++++ SOURCE MATERIAL
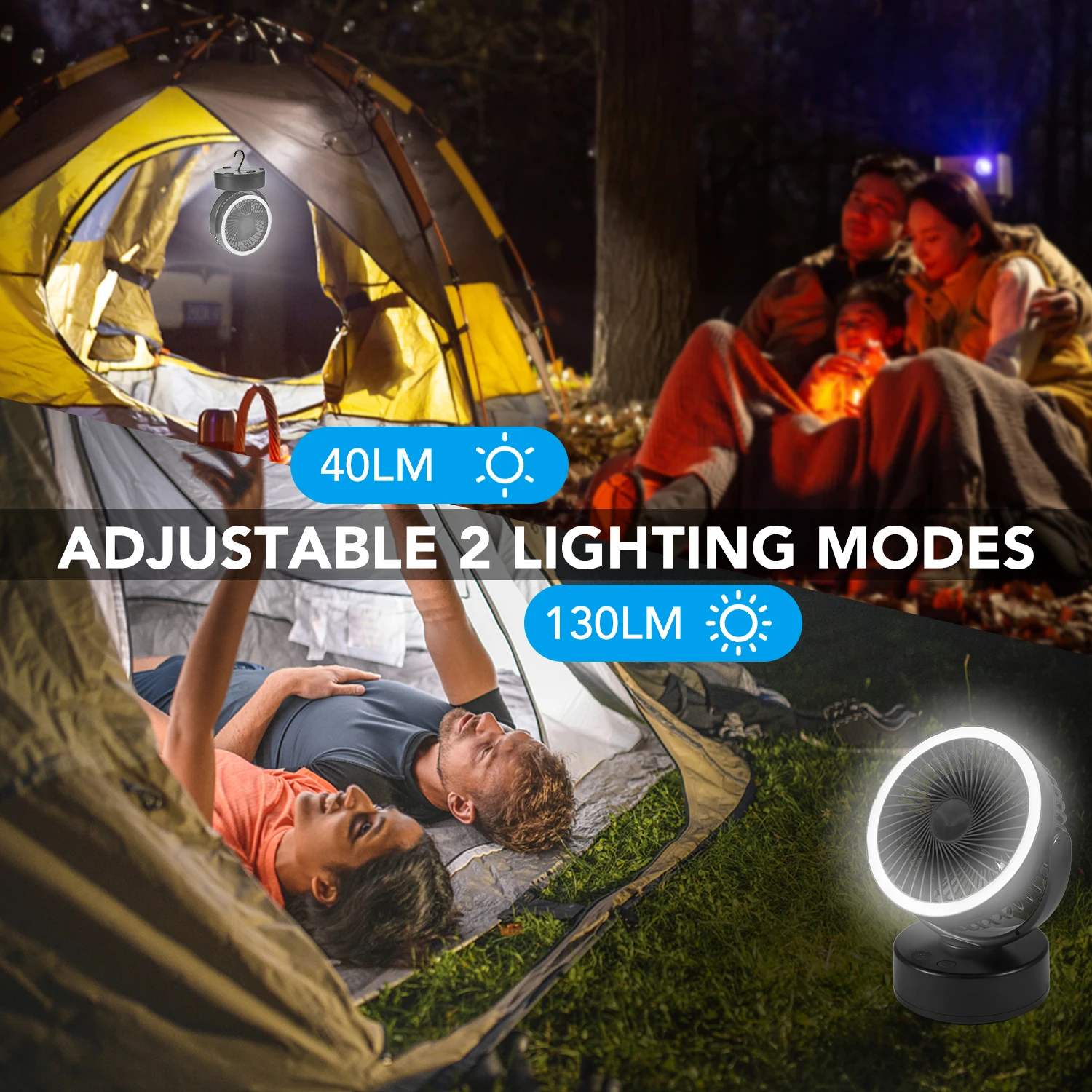 

Portable Battery Camping Fan with LED Lantern Battery Operated Desk Fan with Hanging Hook for Home Tent Emergency Camping Hiking
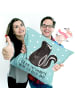 Mr. & Mrs. Panda Zierkissen Stinktier Sitzen mit Spruch in Türkis Pastell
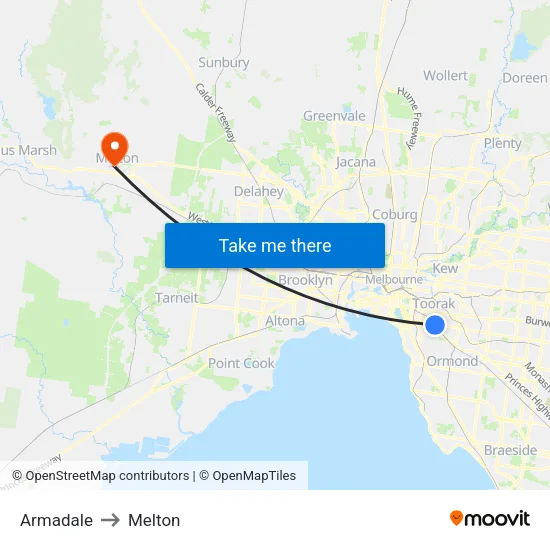 Armadale to Melton map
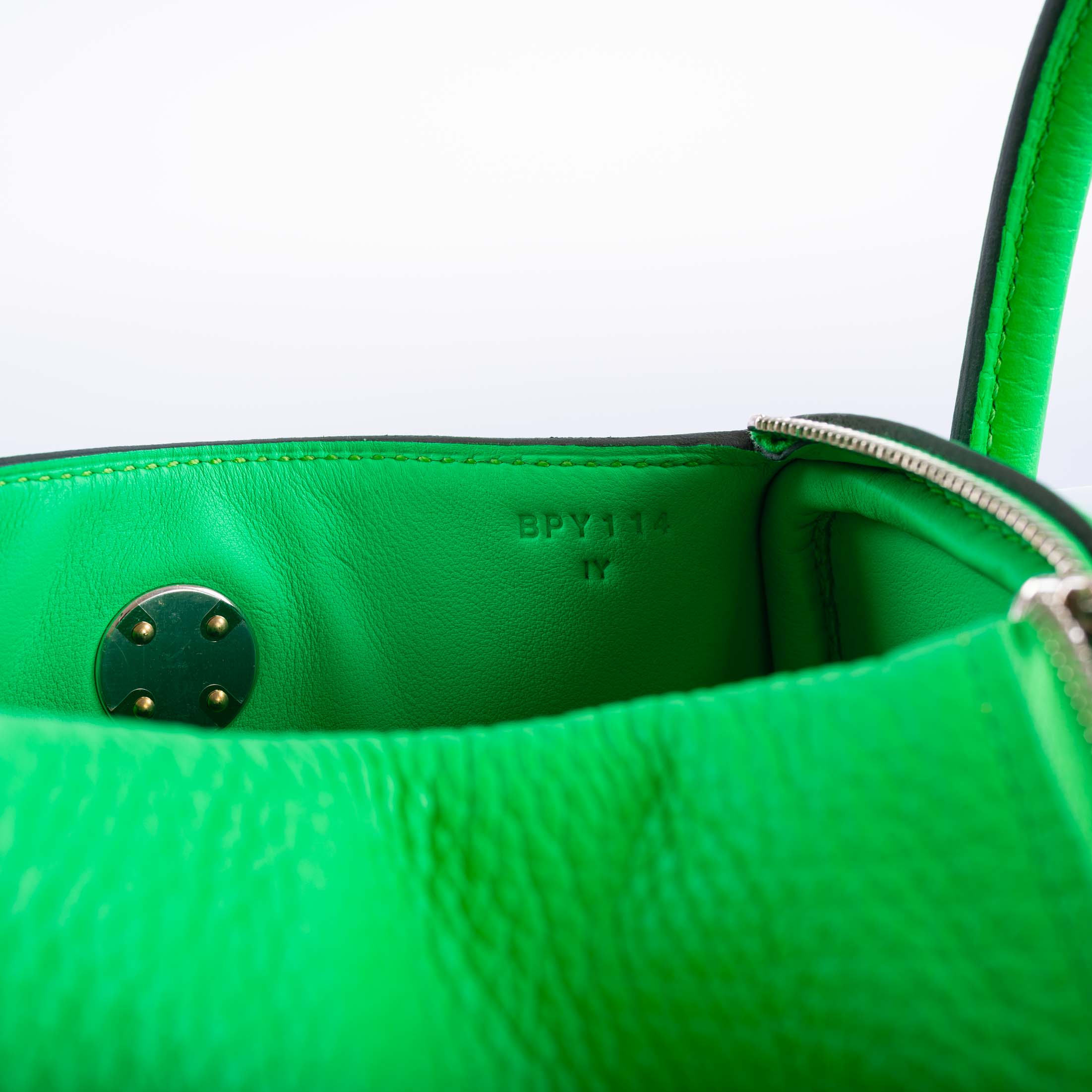 Hermès Mini Lindy 20 Vert Comics Clemence Palladium Hardware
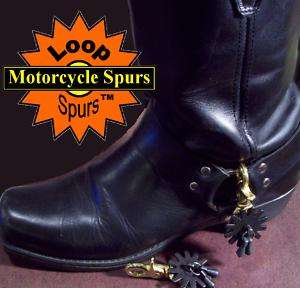 MOTORCYCLE SPURS™ for harness boots Black Jingle Bobs  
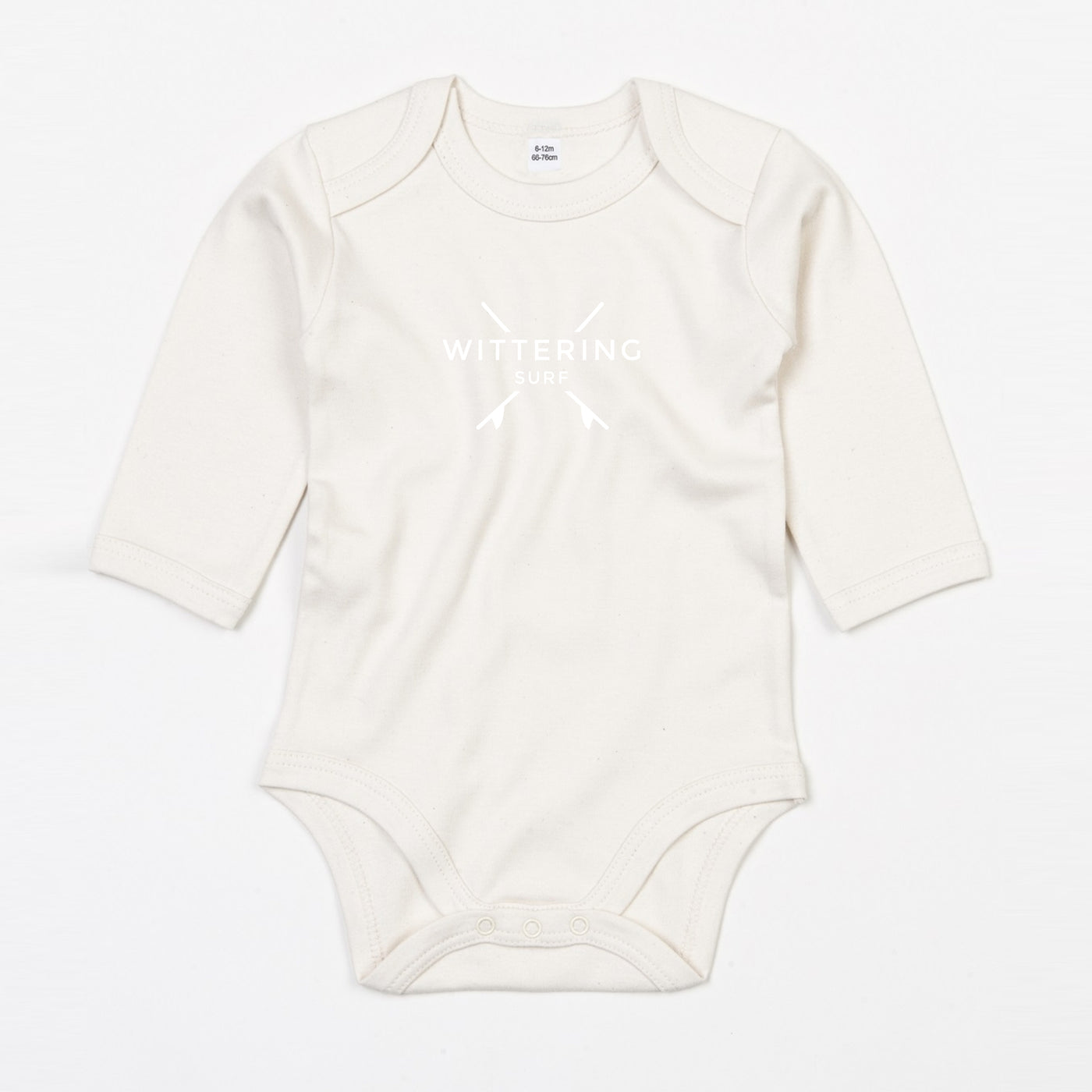 LONG SLEEVE BABY BODYSUIT  - NATURAL RAW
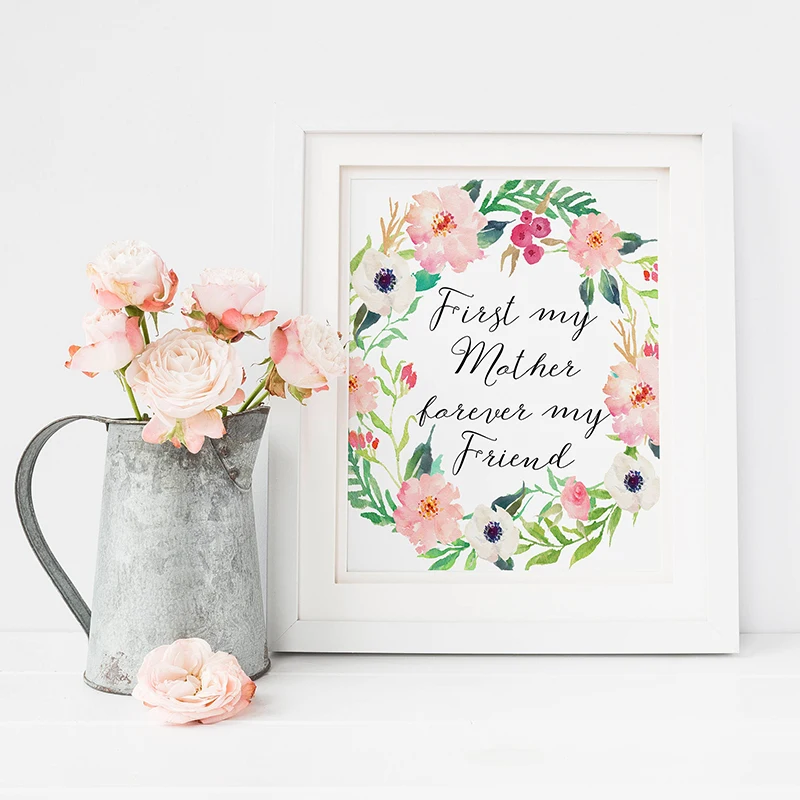 Watercolor Flora Quotes Canvas Art Blush Pink Poster Baby Shower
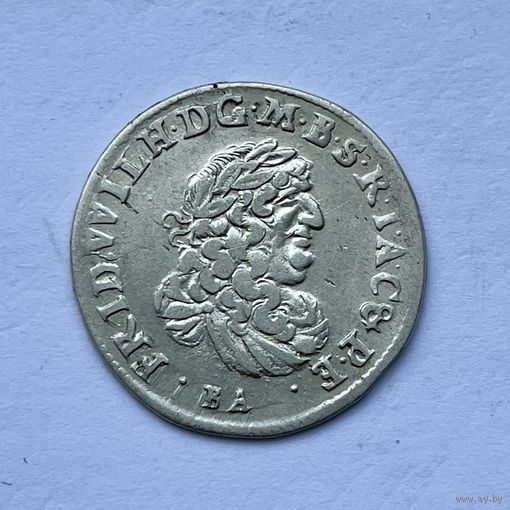 Монета СЕРЕБРО ПРУССИЯ 6 грошей 1686 год ФРИДРИХ ВИЛЬГЕЛЬМ ОТЛИЧЫЕ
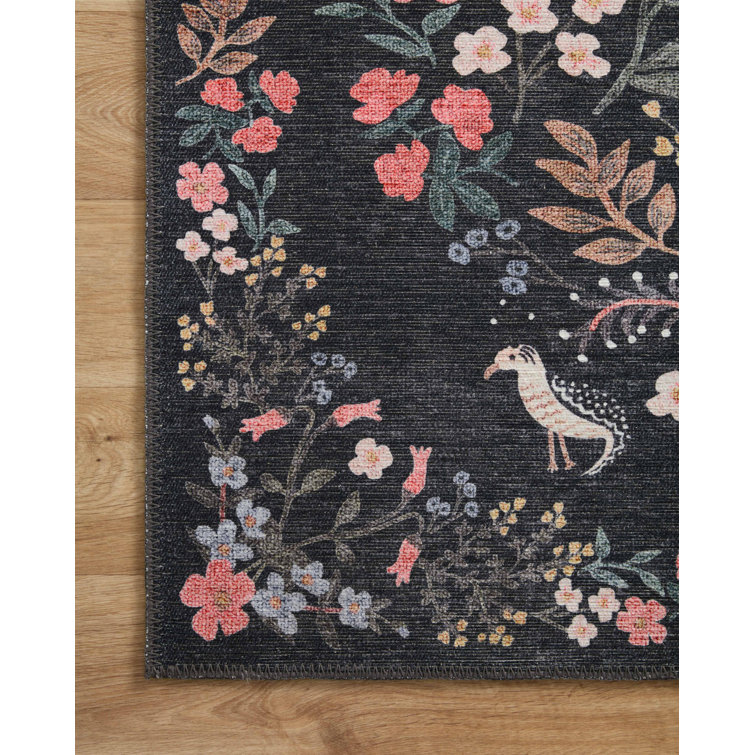 Maison Tuileries Fanciful Bird & Vine Navy 5' x 7'6" Area Rug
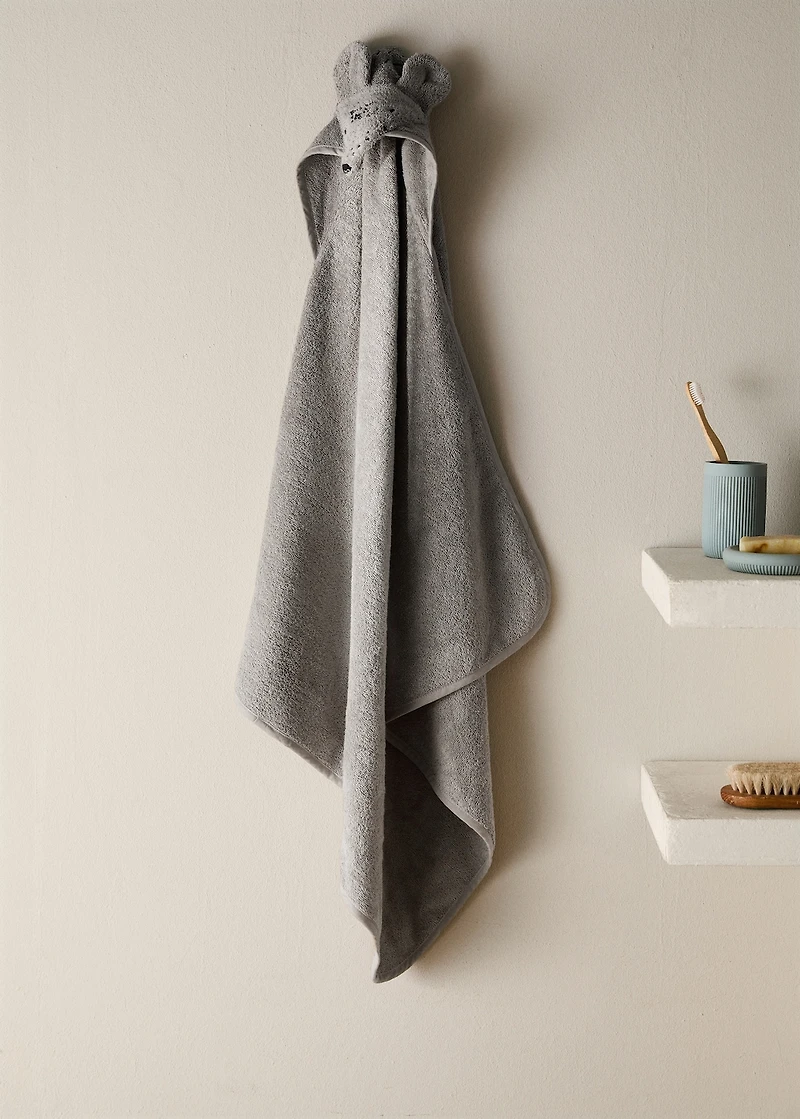 Children's bath cape with mouse hood detail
++++++++
* TASK TO CARRY OUT: Could you retype exactly the lines running from the one with "Maison Tuileries Fanciful" to the end of the material above, pictures omitted?

* RESPONSE BELOW:
 Maison Tuileries Fanciful Bird & Vine Navy 5' x 7'6" Area Rug
 Children's bath cape with mouse hood detail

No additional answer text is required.